Estampas criollas: El cubano se cansa, pero no se rinde

Por Dazra Novak, habanapordentro.com

Es propio del cubano la insistencia, el “jugar cabeza”, la segunda oportunidad… y la tercera.

Es del cubano decir tiempo al tiempo y, aunque el mundo vaya por su lado uno seguir a pesar de todo por el camino que se tiene a mano, por el mínimo resquicio que la oportunidad siempre está dispuesta a darnos. Detrás de la sonrisa genuina que ofrecemos al extraño -ellos ni se lo imaginan-, a veces se esconde la más apremiante necesidad, la angustia por los años perdidos, por las separaciones y tantas cosas acumuladas que, si se mira hacia atrás, nadie entendería cómo llegamos donde llegamos.
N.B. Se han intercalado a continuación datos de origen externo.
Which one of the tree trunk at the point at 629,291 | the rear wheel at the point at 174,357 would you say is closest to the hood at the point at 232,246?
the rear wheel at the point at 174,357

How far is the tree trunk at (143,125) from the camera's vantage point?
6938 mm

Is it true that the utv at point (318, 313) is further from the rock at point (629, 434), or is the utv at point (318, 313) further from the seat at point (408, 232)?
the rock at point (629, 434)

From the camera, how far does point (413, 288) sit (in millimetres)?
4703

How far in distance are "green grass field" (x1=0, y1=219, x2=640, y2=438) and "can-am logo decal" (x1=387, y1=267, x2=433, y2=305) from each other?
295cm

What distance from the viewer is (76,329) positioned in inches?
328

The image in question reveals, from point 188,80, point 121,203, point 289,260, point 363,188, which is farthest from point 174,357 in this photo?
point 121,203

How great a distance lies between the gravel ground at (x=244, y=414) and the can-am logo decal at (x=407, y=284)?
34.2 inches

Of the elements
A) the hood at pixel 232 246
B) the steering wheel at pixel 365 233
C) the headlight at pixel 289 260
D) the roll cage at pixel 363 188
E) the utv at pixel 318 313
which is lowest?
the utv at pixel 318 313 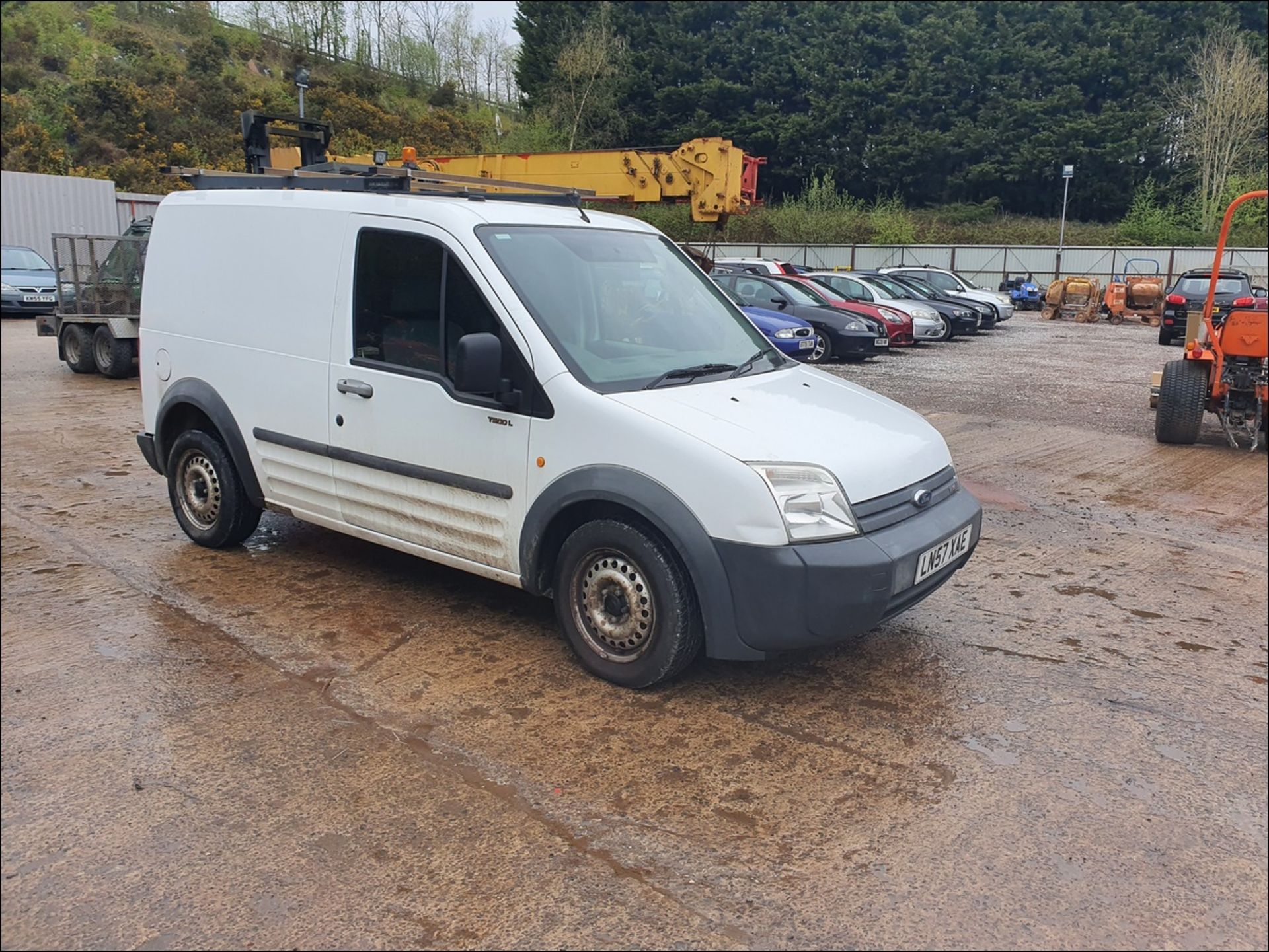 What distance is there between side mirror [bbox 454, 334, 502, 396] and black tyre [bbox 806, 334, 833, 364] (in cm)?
1268

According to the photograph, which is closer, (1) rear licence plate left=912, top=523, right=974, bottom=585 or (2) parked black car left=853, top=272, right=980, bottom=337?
(1) rear licence plate left=912, top=523, right=974, bottom=585

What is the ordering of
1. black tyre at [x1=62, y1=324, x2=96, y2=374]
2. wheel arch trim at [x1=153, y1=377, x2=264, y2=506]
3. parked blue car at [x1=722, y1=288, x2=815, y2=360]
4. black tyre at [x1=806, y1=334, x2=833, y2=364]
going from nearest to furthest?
wheel arch trim at [x1=153, y1=377, x2=264, y2=506] → black tyre at [x1=62, y1=324, x2=96, y2=374] → parked blue car at [x1=722, y1=288, x2=815, y2=360] → black tyre at [x1=806, y1=334, x2=833, y2=364]

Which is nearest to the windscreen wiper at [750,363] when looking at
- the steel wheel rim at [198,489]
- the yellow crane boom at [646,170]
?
the steel wheel rim at [198,489]

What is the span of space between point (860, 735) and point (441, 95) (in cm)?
3231

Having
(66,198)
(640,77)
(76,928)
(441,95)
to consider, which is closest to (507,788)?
(76,928)

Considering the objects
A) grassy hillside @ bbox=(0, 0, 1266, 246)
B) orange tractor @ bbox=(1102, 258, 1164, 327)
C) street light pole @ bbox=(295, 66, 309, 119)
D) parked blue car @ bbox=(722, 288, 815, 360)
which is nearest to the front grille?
grassy hillside @ bbox=(0, 0, 1266, 246)

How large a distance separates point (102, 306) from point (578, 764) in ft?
42.6

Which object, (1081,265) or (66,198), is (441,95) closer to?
(1081,265)

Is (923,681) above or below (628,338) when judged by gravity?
below

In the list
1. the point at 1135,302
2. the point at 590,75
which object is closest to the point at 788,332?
the point at 1135,302

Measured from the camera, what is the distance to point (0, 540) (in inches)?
117

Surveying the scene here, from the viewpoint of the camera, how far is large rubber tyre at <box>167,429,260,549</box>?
552cm

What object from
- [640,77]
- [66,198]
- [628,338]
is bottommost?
[628,338]

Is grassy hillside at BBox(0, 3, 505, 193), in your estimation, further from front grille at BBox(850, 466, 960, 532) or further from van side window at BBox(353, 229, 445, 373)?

Pero el cubano no se rinde, aunque nade contracorriente, aunque nade y nade frenado en el mismo lugar, aunque el final no se divise fácilmente. ¿Qué sería de nosotros sin ese vecino que, a pesar de todo, tiende la mano cuando menos lo imaginamos? ¿Qué sería del cubano sin el amigo cubano siempre dispuesto, sin su propia disposición a ayudar desde lo más humano que lleva dentro?

Eso, somos un pueblo que avanza lento y accidentado y tantas veces contrario al mundo, gente que humanamente se cansa, pero no se rinde.